Different Types of Loan Guarantees

The Need for Full Recourse
If a loan is business related and it is also a hard loan, it will also probably need to be a full recourse loan. As a part of this full recourse definition, the lender of hard money will likely require a personal guarantee from the borrower. When both of these conditions are met, the lender can be sure that you, the borrower, are more invested in the project. This practice is also known as “putting skin in the game,” and it is quite common among lenders and borrowers in this situation.

The full recourse loan and the guaranteed loan are distinct financial instruments. They are also defined differently from a legal standpoint. If a loan is funded by private monies, it can be either full recourse or non recourse.

The loan that is full recourse allows the lender to pursue the borrower by collecting on other assets in case of a default or a partial non payment. A borrower does have a defense against this – he or she can title assets using other names in order to guard against full recourse.

Full Recourse Without a Personal Guarantee
If a borrower invests in a full recourse loan without a personal guarantee, the borrower must protect assets under another name in order to shield those assets from lien or lawsuit. Full recourse does mean that a borrower takes full responsibility for a loan, which means that all assets that are tied to that borrower are up for grabs.

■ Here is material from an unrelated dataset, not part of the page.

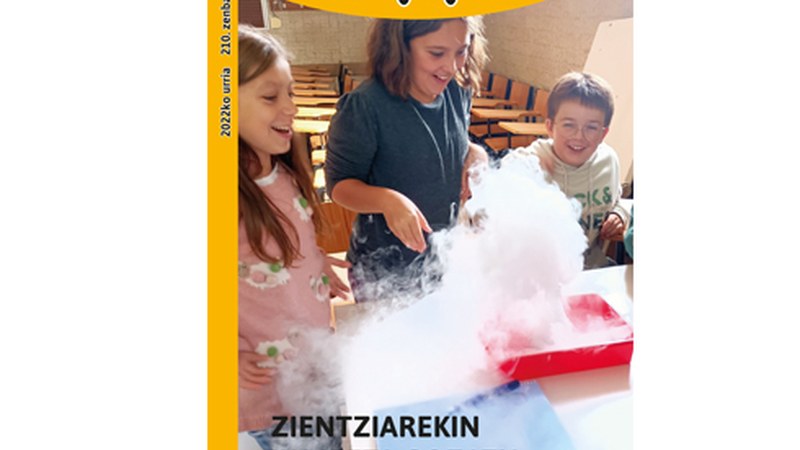 Kalean da Txikitto! aldizkariaren 210. alea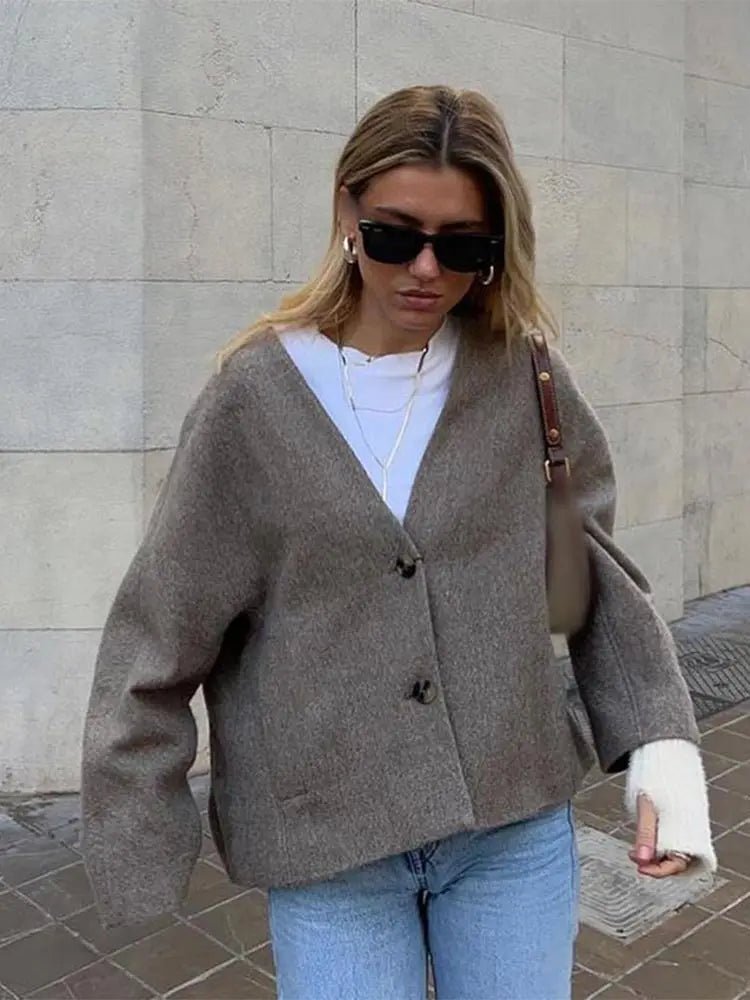 Charee | Stylish Women's Oversized Winter Jacket for Everyday Warmth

Full Recourse Without a Personal Guarantee
A borrower may also use an outside entity such as an LLC to borrow. Even if this LLC takes on a full recourse loan, the borrower is protected against any seizure or action against assets that are outside of that LLC. Because the LLC is a business entity, it cannot give a personal guarantee. It is almost as if someone else is borrowing the money.
Because of the LLC shield and other protections that borrowers may have, many lenders do not allow LLCs to borrow money. They may also require a personal guarantee, which means a borrower cannot use an LLC to borrow in the first place.

The Different Kinds of Guarantees
Not all guarantees are the same. There are many different kinds – the unlimited personal guarantee, the limited personal guarantee, and the conditional personal guarantee.
The unlimited personal guarantee means that there is no limit on the amount of money that a lender can collect in reference to a loan. If the lender has to take the borrower to court in order to receive pay back, the borrower would be responsible for the legal fees as well as the interest that would accrue. If there were any other costs that were associated with the loan, the borrower would pay those as well.

A limited personal guarantee sets an arbitrary limit on the amount of personal liability that a borrower takes on. This type of guarantee is most useful with loans that involve more than one company shareholder. However, most limited personal guarantee contracts will contain a clause that converts a limited personal guarantee into an unlimited personal guarantee in the case of fraud. This clause is also known as a “bad boy” clause.
A conditional personal guarantee is not always valid unless there is a certain trigger event that takes place. For instance, if a loan has a low loan to value metric and the borrower is not taking on a great deal of risk, the guarantee may only become valid if certain conditions are not met.

Enforcing a Guarantee
No matter what type of a guarantee is agreed to, the party in charge of enforcing it may change. A lender has the right to sell a contract to a third party at will in most cases. Just because ownership of a lending contract changes does not change the terms of the agreement.
The terms within a loan contract may be enforced with more fervor if the loan is sold to a third party that does not know the borrower, however. This is why many borrowers try to enforce a clause that the loan may not be sold.